Although ethics has a broader application, it pushes you to question what you are doing, whether it’s right or wrong or somewhere in between. While these questions impacts crises like our national battle with AIDS, it has meaning for an undergraduate’s life as well. In speaking about how she spent her time outside her dorms – Paloma, Chi Theta Chi and Columbae – Maddow reminded listeners that we as students are making important choices right now.
A Country Adrift
Maddow also spoke extensively about her recently published book, “Drift.” In her book, written for civilians by a civilian, Maddow discusses the issues inherent in our nation’s state of perpetual war and the increasing distance between the military and the citizens that they fight to protect.
Initially, Maddow spoke of the U.S.’s nuclear arsenal – of over 5000 warheads, each with the power to cause an explosion 10 times the size of Hiroshima. In her book and in her talk she asked an ethics question – to what end? She explained how America has a $20 billion stock of weapons, with a Pentagon full of defunct programs, that they no longer want. Maddow said it was time for a change in both how we conduct wars and how it will be funded in the future.
She said, “I am not pacifist…I respect the decision of a country to maintain a robust military. [But] we are not doing [the military] any favors by insulating them from the competition of resources.” Maddow hopes that competition will allow us to prioritize our defense programs and that it will bring national attention to an area that is getting more and more secretive as administrations change – America’s way of having war. From Reagen’s secret war in Granada and onwards, Congress has been less and less vocal about the conflicts that America is participating in. Maddow explained that 40 years ago, America changed its way of going to war. American officials, not wanting to convince the public that a cause is worth spilling American blood, have taken to carrying out operations in secret, sometimes through the CIA. Ultimately, Maddow explained that “we are designed to be a peaceable country.”Our constitution states that Congress, a representative body of every state of every person in the nations, is the only one that has the power to declare way. It is not supposed to be easy.
And it’s not supposed to be easy for the American public to distance themselves from the conflict.In the final part of her talk, Maddow discussed the primary focus of her book: the growing distance between civilians and military personnel. Not only are Americans distancing themselves intellectually, but are distancing themselves emotionally. Only 1% of American are active in the military and thus only 1% of families are directly impacted by these lengthy conflicts. Although we may be emotional in the face of commercial reminders of our soldiers struggles, and clap for them when they are in uniform on planes, Maddow stated that civilians now look on soldiers with a mix of pity, hero-worship and fear. “Civilians are alienated from the people who are fighting in our name,” said Maddow.
Maddow believes that this lack of debate about war and feeling that someone else is fighting our wars, are all fixable. It’s not the way its supposed to be and her book calls for a change.
Maddow provides a quick introduction to her book on her website here.

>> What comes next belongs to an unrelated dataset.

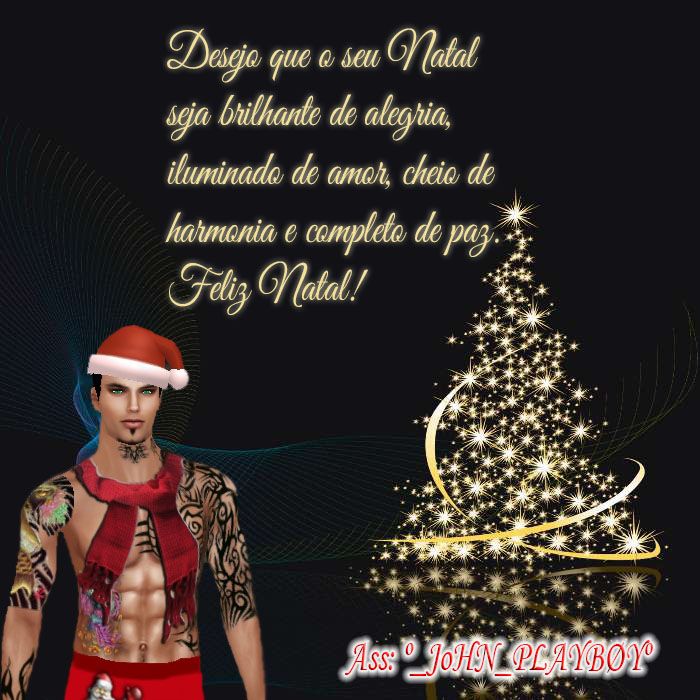 Feliz natal photo Feliz natal_zps3du06pqd.jpg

The night was capped off with a question and answer session. Students and community members came to pick her mind about what it means to be an activist, the changing role of humanities in academia, and her thoughts about both external and internal conflicts in America. Her final words, in response to a question about the changing gay community, were tinged with the ethical lessons she learned at Stanford. She explained that in coming out you don’t know who’s heart you’re helping or breaking, but that by taking this action you are changing things and paving the ways for others. It’s a thought we can all take away and apply to our daily lives.
Update: Clarification made in third paragraph.